WASHINGTON — Stakeholders from Maryland, Delaware and New York urged FERC last week to allocate the costs of the Artificial Island and Bergen-Linden Corridor transmission projects more broadly across PJM, while utilities in New Jersey and Pennsylvania called for continued use of the solution-based distribution factor (DFAX) method.
The forum focused on two questions: Is there a definable category of projects for which the DFAX cost allocation method might not be appropriate, and could a fair approach be developed prospectively for those occasions?
PJM Vice President of Planning Steve Herling told the commission staff that the RTO could devise an alternative to DFAX for certain fixes, but the scheme would be tricky to develop and wouldn’t be used very often.
PJM presented a matrix of project categories, showing that they could be defined as thermal violations, voltage/reactive, stability, short circuit, storm hardening, end of life/aging infrastructure or real-time operation concerns.
Since 2000, when PJM inaugurated its Regional Transmission Expansion Plan, there has been only one project each for the stability, short circuit and storm hardening categories. Artificial Island is the stability project; the Bergen-Linden Corridor is the short circuit project.
Regarding stability projects, Herling said, “I honestly don’t think we’re going to see many of those going forward. We might see one more next year and not another in 20 years.”
Solution-based DFAX works well for most of the project categories, Herling said, because in most cases those who caused the problem are the same ones who will benefit from it being repaired. The flow of electricity that the projects are designed to enhance can be measured. But flow is not the driver of stability or short circuit fixes.

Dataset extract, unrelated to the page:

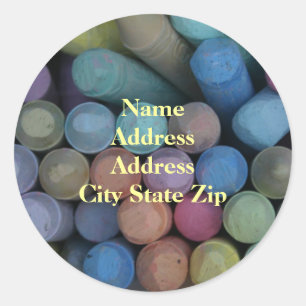 Adesivo Redondo Rótulo de Endereço Colorido para Manter Vida Útil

“With stability and short circuit, that’s a trickier proposition,” Herling said.
Thirty years from now, for example, the stability benefits of the Artificial Island project probably won’t exist because one or more of the Hope Creek and Salem nuclear reactors might be retired.
“The point is that the initial benefit of solving the problem fades over time. So is there a way to calculate the benefits of solving the problem? There very well may be,” he said.
“The big benefit of going to DFAX is that you don’t have to divvy up all the problems and all the beneficiaries. You have one solution. Then you look at who’s using the fix. And that can be looked at year by year,” he said.
Status Quo
Testifying at the conference in favor of keeping the status quo for all projects were Frank Richardson of PPL and Takis Laios of Transource Energy, representing the PJM Transmission Owners, and Esam Khadr of Public Service Electric and Gas.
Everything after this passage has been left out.